On July 21,1861, both sides converged on Henry Hill. On this day and hill, Confederate Brigadier General Barnard Bee rallied his men as he pointed to the newly-arrived General Thomas J. Jackson and shouted, “There stands Jackson like a stone wall!  Rally behind the Virginians!”

Union forces dragged ten-pounder Parrott guns (each weighing about 1800 pounds, with a maximum range of 1900 yards) up Henry Hill. In total, there were 24 cannon on Henry Hill that afternoon: 11 Union and 13 Confederate.

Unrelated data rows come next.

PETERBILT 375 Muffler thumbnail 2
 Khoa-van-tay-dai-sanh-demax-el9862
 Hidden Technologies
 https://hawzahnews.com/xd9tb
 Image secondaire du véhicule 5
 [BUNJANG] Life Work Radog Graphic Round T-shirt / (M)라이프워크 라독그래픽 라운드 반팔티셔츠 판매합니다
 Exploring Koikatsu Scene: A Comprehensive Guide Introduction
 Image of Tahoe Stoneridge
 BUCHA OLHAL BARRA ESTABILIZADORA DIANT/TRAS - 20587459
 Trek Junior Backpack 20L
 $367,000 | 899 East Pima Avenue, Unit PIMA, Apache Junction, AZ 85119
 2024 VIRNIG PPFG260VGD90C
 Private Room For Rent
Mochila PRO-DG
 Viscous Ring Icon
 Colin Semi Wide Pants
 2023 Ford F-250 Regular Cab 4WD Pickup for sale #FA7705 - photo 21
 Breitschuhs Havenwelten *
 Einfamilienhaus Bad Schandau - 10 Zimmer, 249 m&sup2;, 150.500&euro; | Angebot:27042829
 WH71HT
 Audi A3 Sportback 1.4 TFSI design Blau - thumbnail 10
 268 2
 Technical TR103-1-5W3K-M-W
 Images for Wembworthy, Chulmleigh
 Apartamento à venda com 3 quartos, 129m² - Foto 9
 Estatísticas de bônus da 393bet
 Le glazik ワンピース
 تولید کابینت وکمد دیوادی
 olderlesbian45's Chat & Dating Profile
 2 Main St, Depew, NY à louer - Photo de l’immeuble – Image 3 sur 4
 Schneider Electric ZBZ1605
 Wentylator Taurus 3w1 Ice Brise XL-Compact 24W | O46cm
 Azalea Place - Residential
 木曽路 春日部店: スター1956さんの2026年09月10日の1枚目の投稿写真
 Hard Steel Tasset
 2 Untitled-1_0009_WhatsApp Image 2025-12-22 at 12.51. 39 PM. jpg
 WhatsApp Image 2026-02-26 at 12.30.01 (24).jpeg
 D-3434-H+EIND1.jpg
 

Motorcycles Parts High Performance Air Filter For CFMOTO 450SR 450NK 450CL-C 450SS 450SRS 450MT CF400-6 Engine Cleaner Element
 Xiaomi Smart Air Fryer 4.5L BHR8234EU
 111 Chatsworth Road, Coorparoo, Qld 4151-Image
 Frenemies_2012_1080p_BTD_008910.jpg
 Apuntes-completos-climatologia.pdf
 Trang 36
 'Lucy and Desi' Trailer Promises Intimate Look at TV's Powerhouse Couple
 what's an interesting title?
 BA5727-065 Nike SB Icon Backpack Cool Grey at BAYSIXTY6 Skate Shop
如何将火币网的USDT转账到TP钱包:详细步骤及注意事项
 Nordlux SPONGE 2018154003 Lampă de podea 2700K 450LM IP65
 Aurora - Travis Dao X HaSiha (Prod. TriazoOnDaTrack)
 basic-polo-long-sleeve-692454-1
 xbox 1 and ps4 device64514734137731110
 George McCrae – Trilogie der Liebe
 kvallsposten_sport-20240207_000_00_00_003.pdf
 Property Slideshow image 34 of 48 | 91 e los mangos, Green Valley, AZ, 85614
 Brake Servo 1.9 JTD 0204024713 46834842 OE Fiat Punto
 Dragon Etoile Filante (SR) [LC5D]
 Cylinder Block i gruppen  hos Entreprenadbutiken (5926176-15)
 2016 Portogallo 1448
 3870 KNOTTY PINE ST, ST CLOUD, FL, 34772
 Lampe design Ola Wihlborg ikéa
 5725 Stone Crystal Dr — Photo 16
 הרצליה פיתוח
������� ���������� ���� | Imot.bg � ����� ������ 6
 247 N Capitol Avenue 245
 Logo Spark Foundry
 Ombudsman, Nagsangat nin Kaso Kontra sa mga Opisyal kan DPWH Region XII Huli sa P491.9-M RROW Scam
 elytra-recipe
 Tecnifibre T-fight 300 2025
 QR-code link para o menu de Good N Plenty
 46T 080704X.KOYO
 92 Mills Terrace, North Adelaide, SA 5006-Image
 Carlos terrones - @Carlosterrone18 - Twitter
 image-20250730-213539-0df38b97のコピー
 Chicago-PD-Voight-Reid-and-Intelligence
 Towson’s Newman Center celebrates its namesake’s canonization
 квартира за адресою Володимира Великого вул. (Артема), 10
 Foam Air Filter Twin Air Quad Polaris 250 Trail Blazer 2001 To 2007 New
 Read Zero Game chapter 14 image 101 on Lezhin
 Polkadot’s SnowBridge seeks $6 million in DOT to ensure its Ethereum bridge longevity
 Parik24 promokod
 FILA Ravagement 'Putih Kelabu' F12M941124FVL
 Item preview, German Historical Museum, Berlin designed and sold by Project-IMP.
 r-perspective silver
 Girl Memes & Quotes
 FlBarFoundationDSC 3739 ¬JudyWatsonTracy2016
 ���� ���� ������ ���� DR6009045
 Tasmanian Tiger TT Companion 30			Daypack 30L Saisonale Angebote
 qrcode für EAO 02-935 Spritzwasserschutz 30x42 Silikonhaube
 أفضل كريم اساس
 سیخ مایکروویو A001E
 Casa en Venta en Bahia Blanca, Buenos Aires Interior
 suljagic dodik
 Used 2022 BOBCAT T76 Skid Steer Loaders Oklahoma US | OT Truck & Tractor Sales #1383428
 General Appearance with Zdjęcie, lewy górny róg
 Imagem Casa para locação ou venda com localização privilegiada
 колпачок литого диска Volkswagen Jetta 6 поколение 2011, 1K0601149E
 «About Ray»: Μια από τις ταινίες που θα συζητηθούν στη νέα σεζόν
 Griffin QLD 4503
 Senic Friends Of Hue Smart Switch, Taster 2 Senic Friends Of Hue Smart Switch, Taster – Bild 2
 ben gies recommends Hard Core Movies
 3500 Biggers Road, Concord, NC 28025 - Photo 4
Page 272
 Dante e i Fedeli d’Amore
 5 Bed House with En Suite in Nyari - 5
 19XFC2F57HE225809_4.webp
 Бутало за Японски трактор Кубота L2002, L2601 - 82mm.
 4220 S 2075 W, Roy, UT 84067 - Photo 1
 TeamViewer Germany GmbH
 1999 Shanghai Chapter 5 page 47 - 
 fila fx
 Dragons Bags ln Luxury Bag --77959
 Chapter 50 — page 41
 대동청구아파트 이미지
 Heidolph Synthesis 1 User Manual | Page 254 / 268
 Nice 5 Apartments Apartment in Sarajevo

This land and the “Spring Hill” house were acquired by the Henry family in 1822. On this day of battle, widowed Judith Carter Henry, an 85 years old invalid, still lived here with her daughter and a leased slave.  Confederate snipers fired on Union soldiers from her bedroom window and were answered by a 10 pound shell from a  Union cannon about 60 yards away. Mortally wounded, Judith Henry was the first civilian casualty of the Civil War. She and her daughter and son (who died in 1888 and 1898, respectively) are buried in the Henry Family Cemetery in front of the reconstructed house. (The original house was decimated by souvenir hunters after this battle and then burned during the Battle of Second Manassas.)

The battle on Henry Hill continued until just after 4 p.m., when the Northern forces withdrew.

These photographs of Henry Hill were taken in April, 2016.

For more information about the Manassas National Battlefield Park in Virginia, visit the website at https://www.nps.gov/mana/index.htm.

Stone Bridge (Manassas National Battlefield Park)

The Stone Bridge, or the Fauquier and Alexandria Turnpike bridge over Bull Run, was important to both the Confederate and Union armies during the Civil War. The Union army fired the opening shots of the First Battle of Manassas over Stone Bridge, and later used this bridge in their retreat from the Second Battle of Manassas.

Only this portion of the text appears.